Latest update: November 15th, 2013
As my friend “Eva” and I started filling our plates at a recent buffet lunch, she smiled wryly at the baked ziti and the bagel smeared with cream cheese she had piled on her plate, and commented that lucky for her, her mother wasn’t with us.
“Why,” I asked somewhat taken aback, wishing with all my heart that I had the opportunity to share a meal with my mother again.
“Because she would have said I was being a ‘piggy,’ that no one would want to marry me the way I look and basically make me feel inadequate,” she said in a matter-of-fact tone that belied the deep hurt and frustration I knew were hidden in her words.
“But why would she say that!” I exclaimed. “You’re not fat! You might not be hired as a model, but you’re not heavy! Besides, you’re a grandmother many times over. You’re old enough to choose what and how much to eat.”
“Mom always had a hang-up about my weight.

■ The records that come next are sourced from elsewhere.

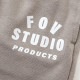 FOV ���å� �������åȥѥ�� Ĺ���ܥ� ���󥰥ѥ�� FOV STUDIO ������ �ˤλ� ���λ� ���å� ��ä��� ξ�ݥ��å��դ� �������ȥ����㥹�������� �ȥ졼�˥󥰥ѥ�� ���ܥ� �ܥȥॹ �Ҷ��� �ե��� 605201�ڥ᡼�����оݡ�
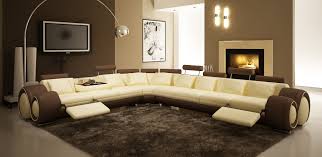 Right hand faux leather corner sofa brown aberdeen. Buy Cheap Corner Sofas From Woodlers Woodlers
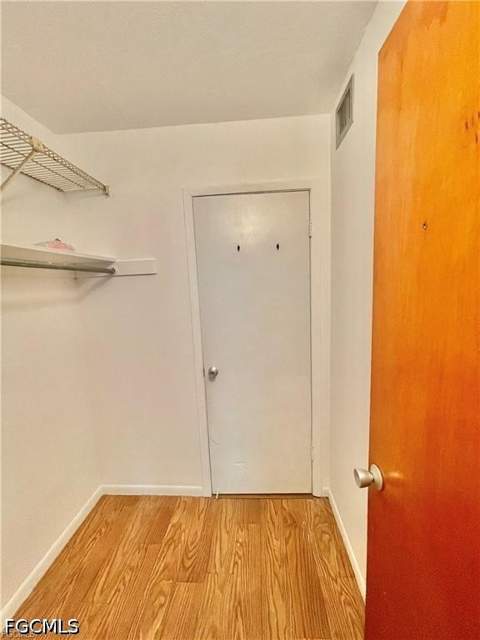 1849 Maravilla Ave C2, Fort Myers FL - photo 9 of 12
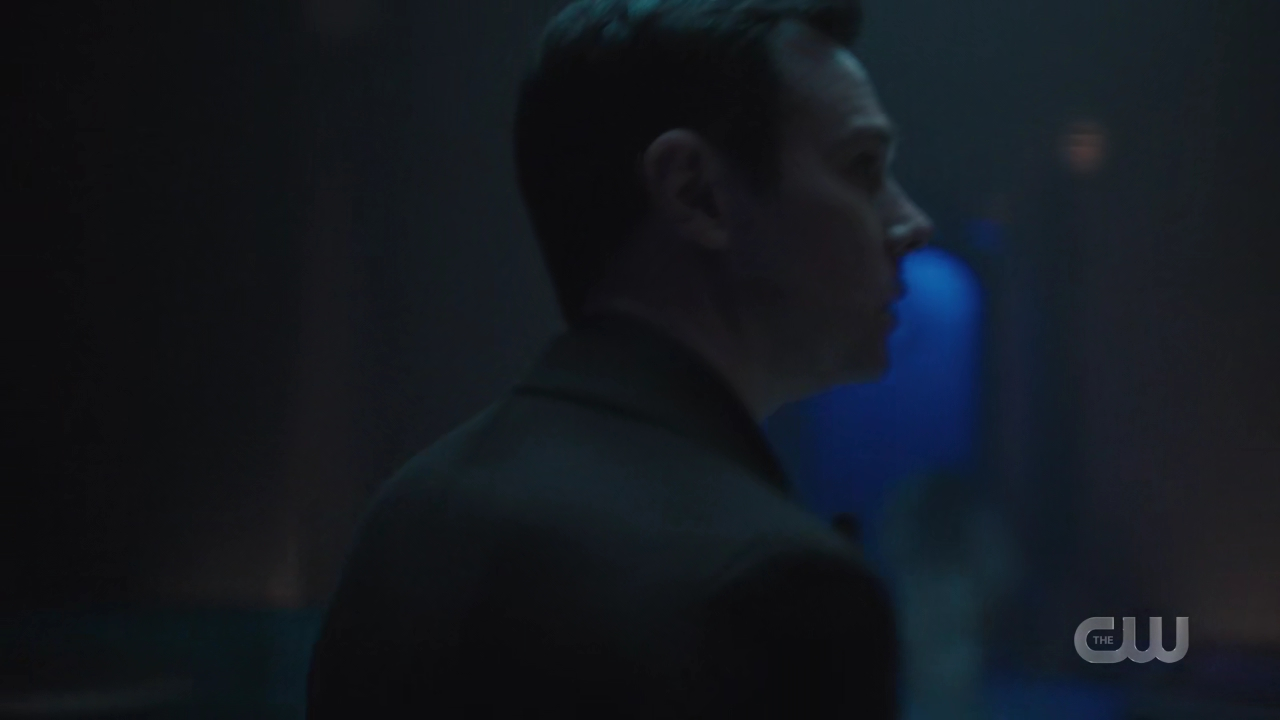 charmed-online-dot-nl_Charmed4x10HashingItOut0697.jpg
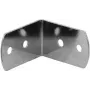 Puntal de refuerzo Roadinger ROADINGER 30003000 25x40mm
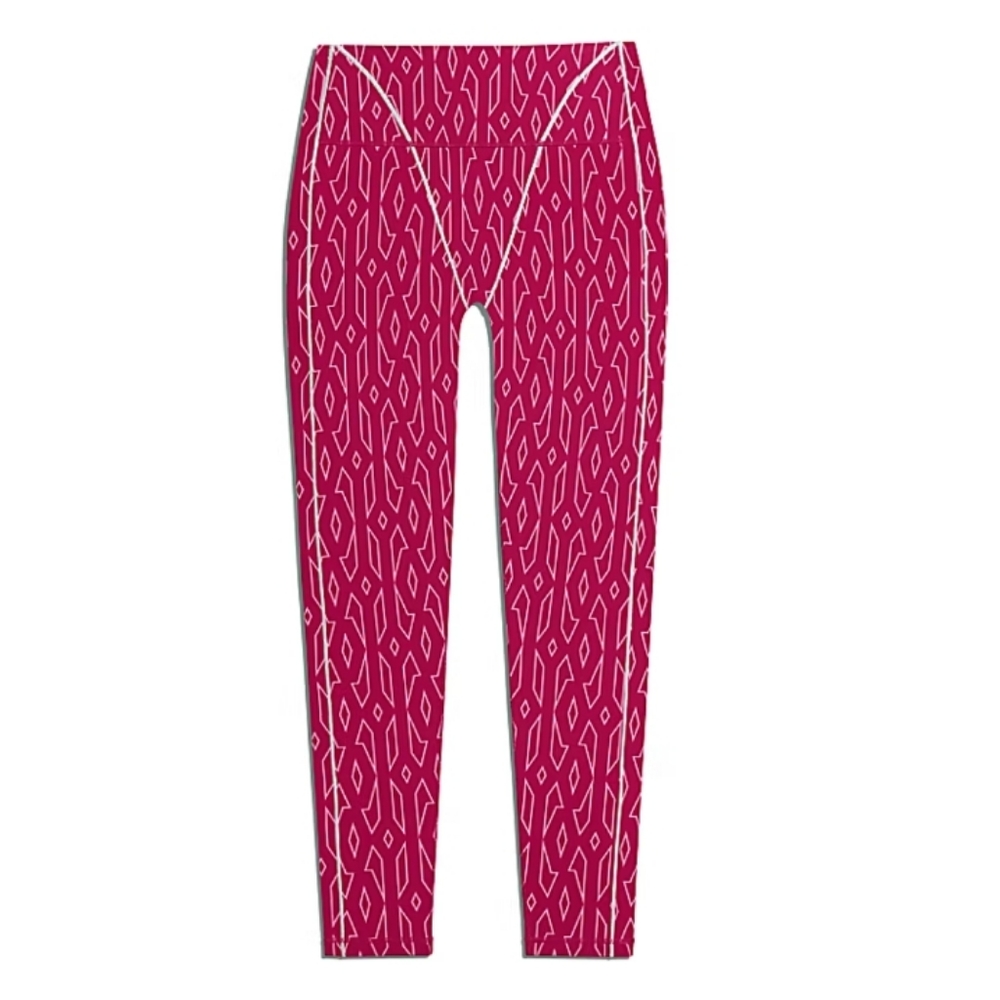 IVY PARK Leggings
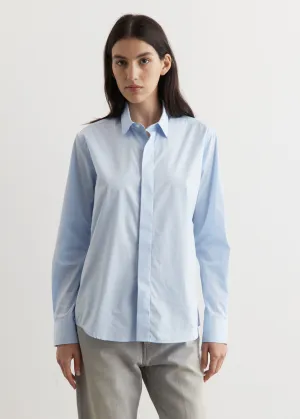 Tonal Ami De Coeur Shirt
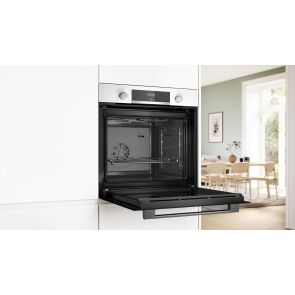piekarnik-elektryczny-bosch-serie-4-hba534bw3-2.jpg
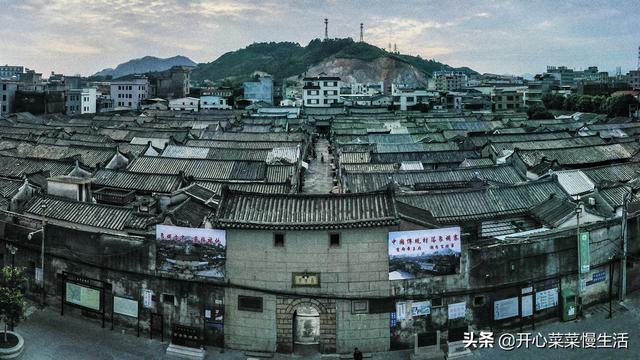 潮州市旅游攻略，潮州旅游攻略2天一晚自驾游（去潮州必做的五件事）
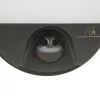 LED lempa MACLEAN MCE340G 15W 1100 lm — išorinė LED apšvietimo lempa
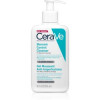 CeraVe Blemish Control очищуючий гель проти недоліків проблемної шкіри 236 мл - зображення 1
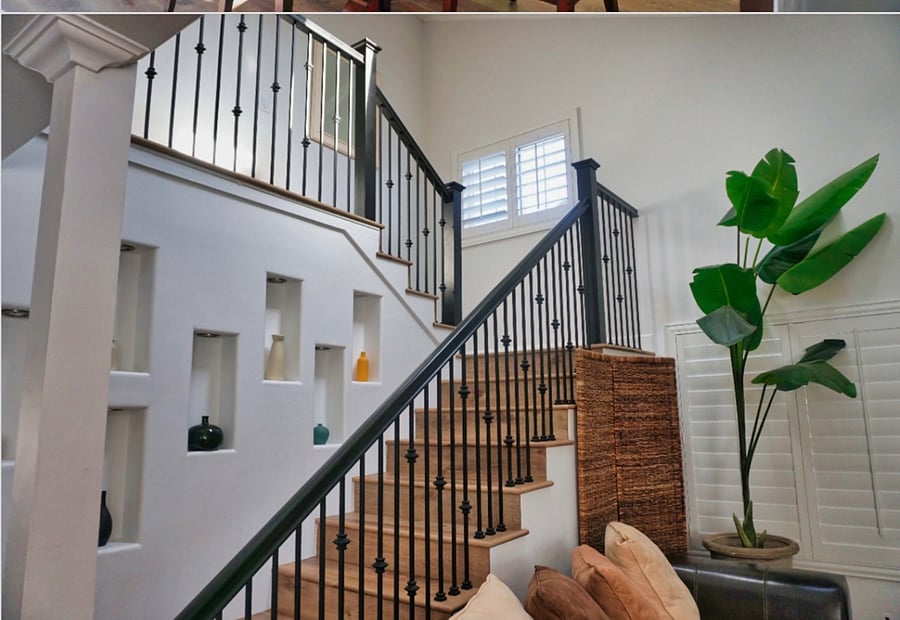 Furnished Finder property 644357_1 photo 26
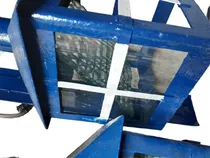 Comprar Faroles Antiguos Coloniales Por Lote De 2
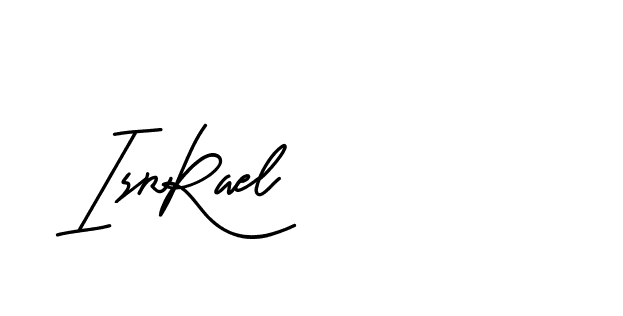 The best way (AnggrainiFont-x3Yqr) to make a short signature is to pick only two or three words in your name. The name Ceard include a total of six letters. For converting this name. Ceard signature style 2 images and pictures png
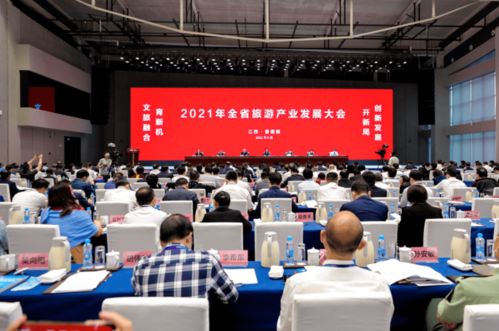 小红书先用后付额度提现商家攻略,额度券获取全解析 小红书先用后付额度提现商家攻略,额度券获取全解析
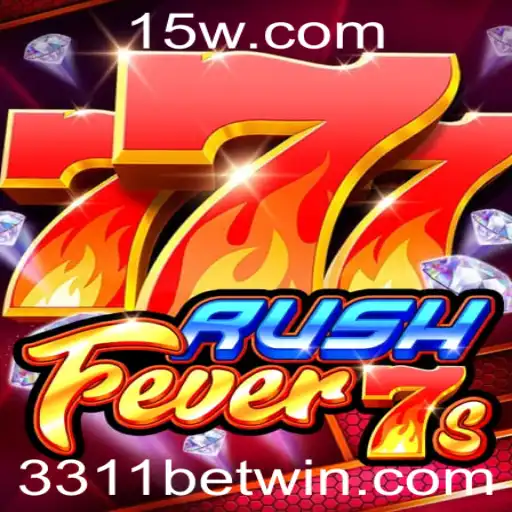 Desvende o Mundo Empolgante de RushFever7s: Tudo o Que Você Precisa Saber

When I visit her she scrutinizes every morsel I put in my mouth. And always has a negative comment on how I look.”
I shook my head in agreement. Eva’s mother, like my own and many others in our crowd of friends, were Holocaust survivors and even though I thought Europeans of that generation were not fixated on weight, they nonetheless had bought into the North American mentality that “less” (of you) was more. Thin is in and stout is out.
How confusing it was growing up with conflicting messages. On the one hand, we were told, even admonished, to eat everything on our generously piled up plates (it was a sin to waste food), yet we were made to feel like we were a lower form of human being if we were overweight.
While the girls were pressured to look their best, the boys were pressured to excel academically. I came to the conclusion that many survivors experienced extreme guilt for being alive when they felt that others in their family had been more worthy of a second chance. To make “sense” of their survival and alleviate their guilt, they must have felt that they had to produce “super children.” Giving the world a world-renowned cancer specialist son or a beauty queen daughter would, in their guilt-ridden souls, justifies their existence. Anything less than perfect had to be continuously pointed out and harped upon until the flaw was fixed.
But how then to account for the same behavior in parents who were not Holocaust survivors? For as I grew up and expanded my circle of friends and acquaintances, I realized that there were children who had been raised by parents not mentally and emotionally traumatized by the Shoah, yet they too demanded perfection and were disparaging, judgmental and disapproving of their kids. I remember being told that a girl who came in second in a multi-school gymnastic competition was berated by her dad for not coming in first. Enraged, he tossed her silver medal into the trash can.
I am not a psychologist and cannot offer a professional explanation as to why mothers and fathers are so chronically censorious of their children – often needlessly so. I can only offer my observations and conclusions.
I am convinced that critical parents who constantly shower their kids with toxic, negative comments truly love their children and may feel that berating them will cause them to try harder. They are tragically unaware that they are destroying their children’s egos and shredding whatever positive sense of self-esteem they have. They are in fact setting them up to fail, by breaking their spirit and hamstringing their ability to be assertive and confident when dealing with others socially or in the workforce.
So why are these parents so hypercritical? Why do they have expectations that are unattainable?
My guess is that these individuals themselves have very low self-esteem. It is very likely that they had parents who demeaned and minimized them. Those parents had probably been raised by mothers and fathers who were perfectionists or had some kind of personality disorder – and the cycle continues.
Each generation seems to carry on the dysfunctional parenting they were subjected to.